WLBL
- Auburndale, Wisconsin; United States;
- Broadcast area: Stevens Point; Wisconsin Rapids; Marshfield, Wisconsin;
- Frequency: 930 kHz

Programming
- Format: Classical
- Affiliations: Wisconsin Public Radio NPR American Public Media

Ownership
- Owner: Wisconsin Educational Communications Board

History
- First air date: February 5, 1923
- Former call signs: WPAH (1923–1924)
- Call sign meaning: "Wisconsin, Land of Beautiful Lakes"

Technical information
- Licensing authority: FCC
- Facility ID: 63138
- Class: D
- Power: 5,000 watts day; 70 watts night;
- Translators: 99.1 W256CZ (Stevens Point); 100.9 W265DC (Marshfield);

Links
- Public license information: Public file; LMS;
- Webcast: Listen Live
- Website: Wisconsin Public Radio WLBL Webpage

= WLBL (AM) =

WLBL (930 kHz) is an AM radio station licensed to Auburndale, Wisconsin, serving Stevens Point and Wisconsin Rapids. The station is part of Wisconsin Public Radio (WPR), and airs "WPR Music", consisting of classical music programming.
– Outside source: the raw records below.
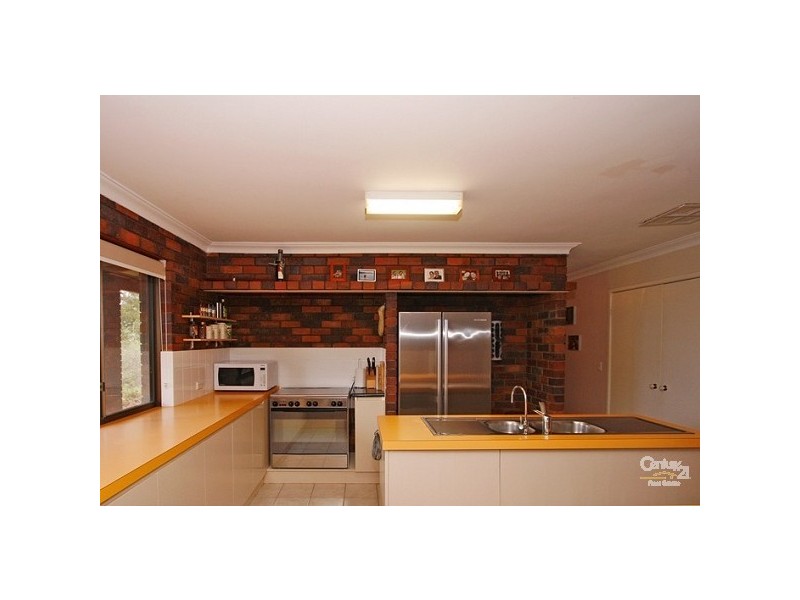 4 Otway Place, Bedfordale WA 6112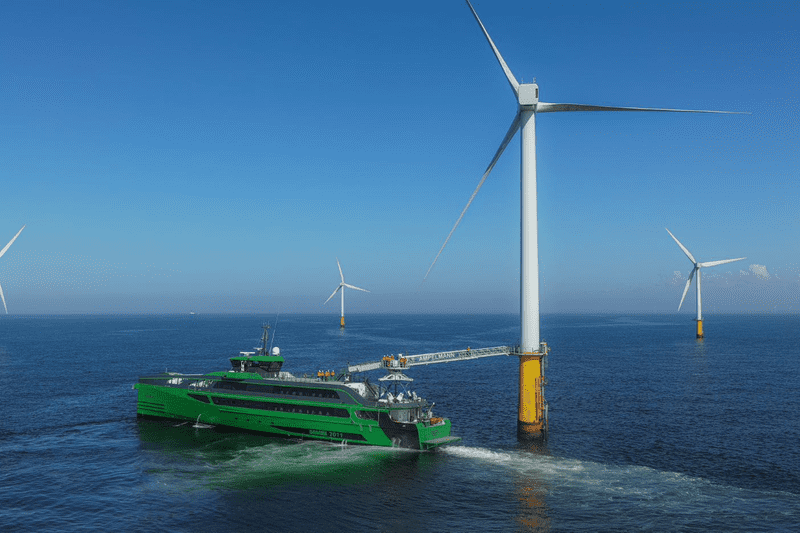 Fast and Comfortable: Damen, Ampelmann in Crew Change Joint Venture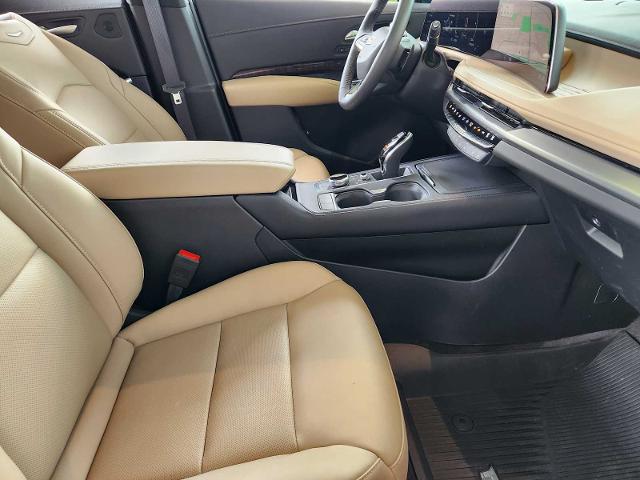2025 Cadillac XT4 Vehicle Photo in HOUSTON, TX 77079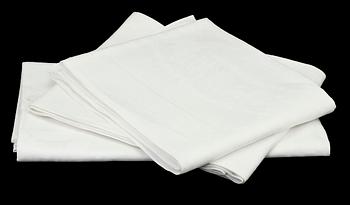 DAMASTDUKAR, 3 st samt SERVETTER, 7 + 9 + 12, 1900-tal.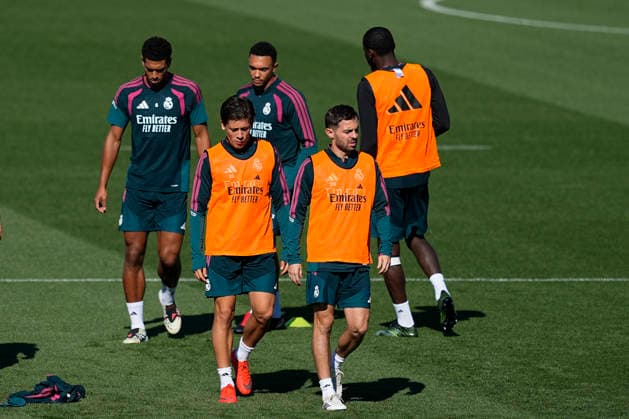 August 29, 2026, Valdebebas, Madrid, Spain: Jude Bellingham, Arda Guler, Trent Alexander-Arnold and Bernardo Silva during the training day of Real Madrid ahead the Spanish League, LaLiga EA Sports, football match against Malaga CF at Ciudad Deportiva Real Madrid on August 29, 2026, in Valdebebas, Madrid, Spain. Valdebebas Spain - ZUMAa181 20260829_zaa_a181_011 Copyright: xOscarxJ.xBarrosox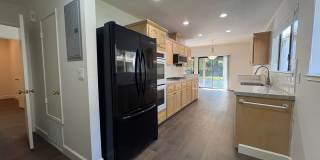 Updated 3 BR Condo at The Enclave in Redwood Oaks Updated 3 BR Condo at The Enclave in Redwood Oaks Gallery 7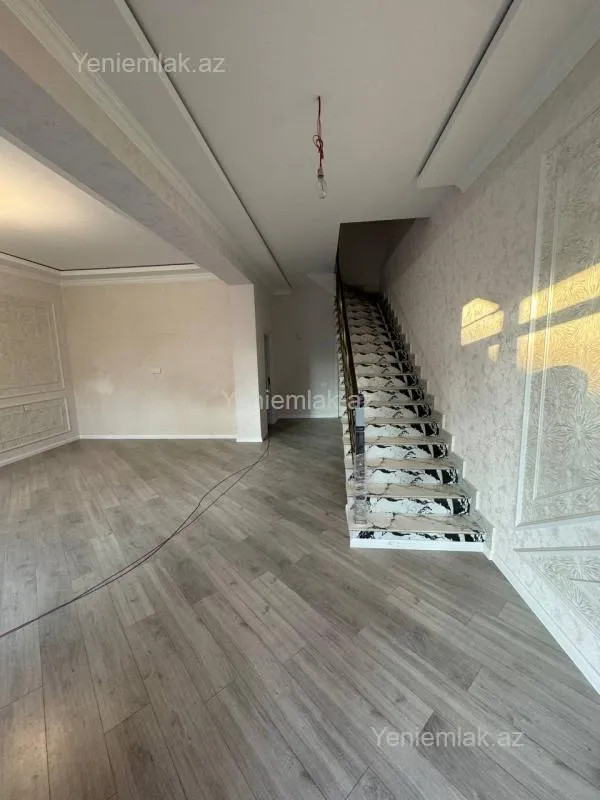 Satılır 5 otaqlı həyət evi 230 m²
WLBL is the second-oldest station in the Wisconsin Public Radio network. It traces its history to WPAH in Waupaca, which was licensed to the Wisconsin Department of Markets, and began broadcasting on February 5, 1923. The department later moved its operations to Stevens Point and changed the calls to WLBL in May 1924. In 1932, it began sharing programs with Madison's WHA—the ancestor of today's Wisconsin Public Radio network. Owned for many years by the state Commerce Department, it is now owned by the Wisconsin Educational Communications Board.

WLBL must power down to 70 watts at sunset, resulting in spotty coverage even in Wisconsin Rapids and missing Stevens Point altogether. During the fall, winter, early spring, and late summer, it is allowed to boost its power to 500 watts at 06:00, then go to full power at sunrise.